= Beginning of Section =

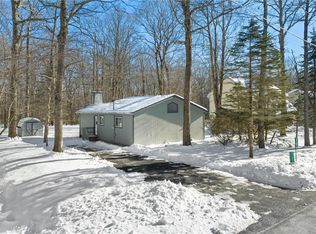3197 Hamlet Dr, Tobyhanna, PA 18466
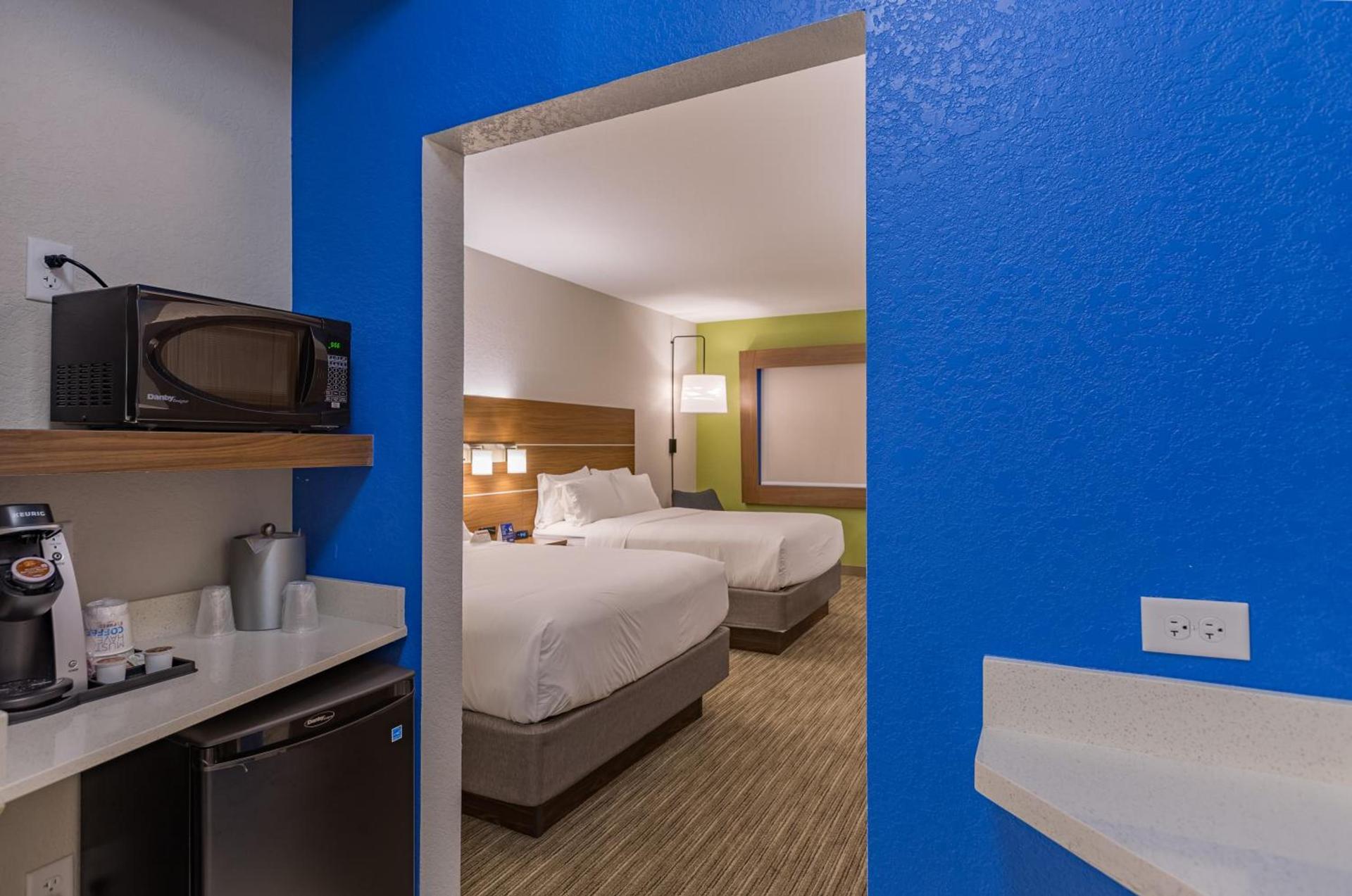 Holiday Inn Express & Suites - San Marcos South by IHG photo 5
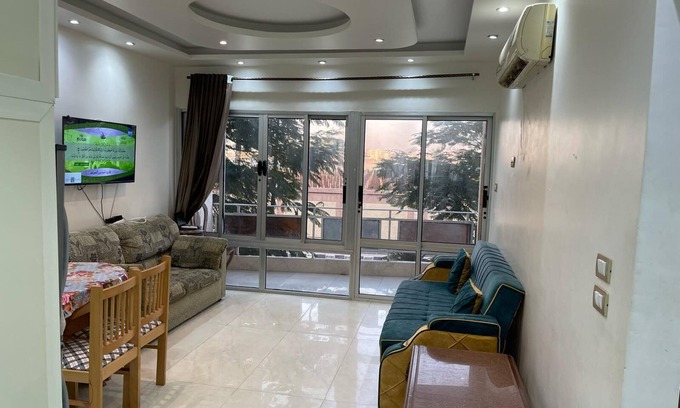 Al-Muntazah Apartment | Cozy 3 room apartment in Almaamoura Beach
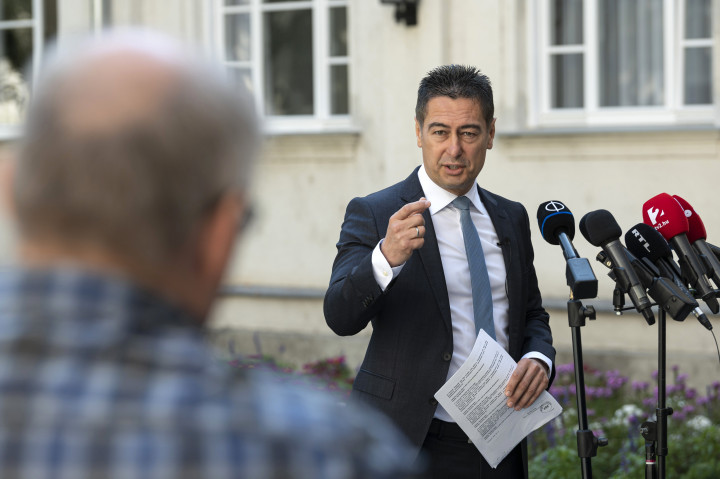 Horváth Csaba sajtótájékoztatón – Fotó: Szigetváry Zsolt / MTI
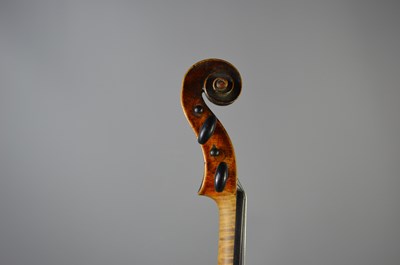 Lot 400 - A late 18th century violin, label inside which...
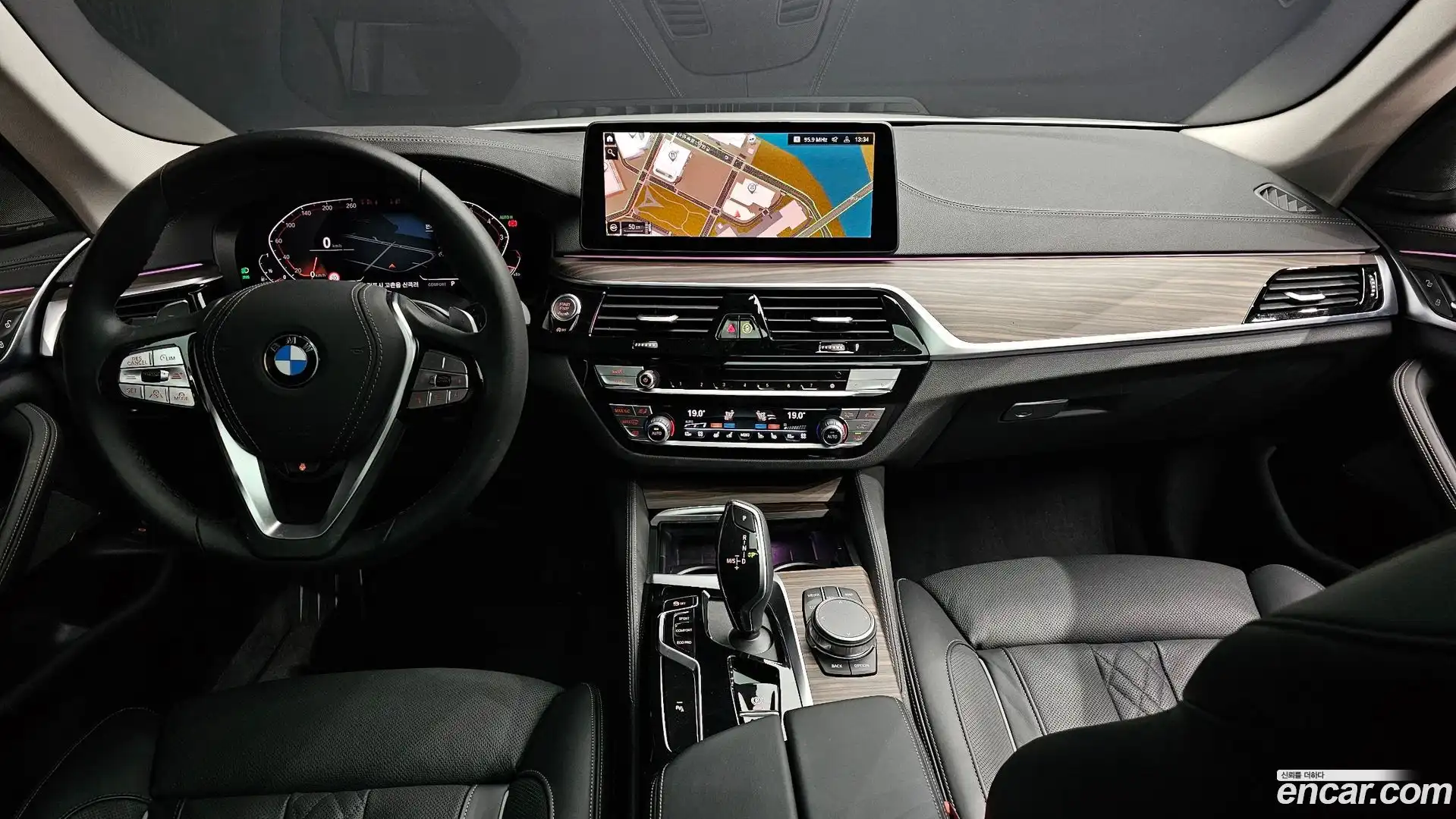 5-Series BMW 2022.8-INNER-007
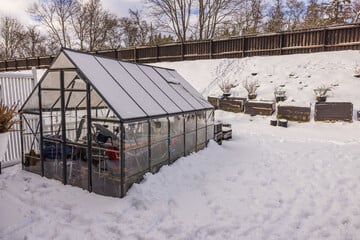 So kannst Du das unbeheizte Gewächshaus im Winter nutzen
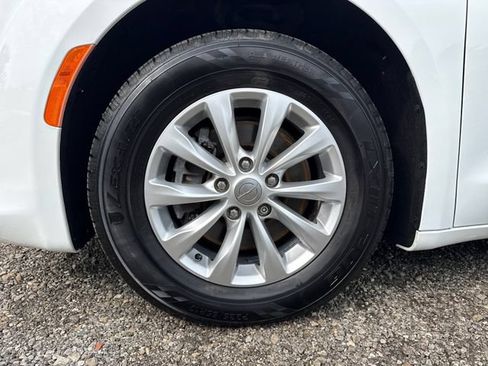 Used 2018 Chrysler Pacifica Touring-L FWD image 16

= End of Section =

- Task requirements -
Exactly the lines from the one holding "5-Series BMW 2022.8-INNER-007" through the last line of the entries, both included, are to be duplicated; leave the pictures out.

- Result -
 5-Series BMW 2022.8-INNER-007
 So kannst Du das unbeheizte Gewächshaus im Winter nutzen
 Used 2018 Chrysler Pacifica Touring-L FWD image 16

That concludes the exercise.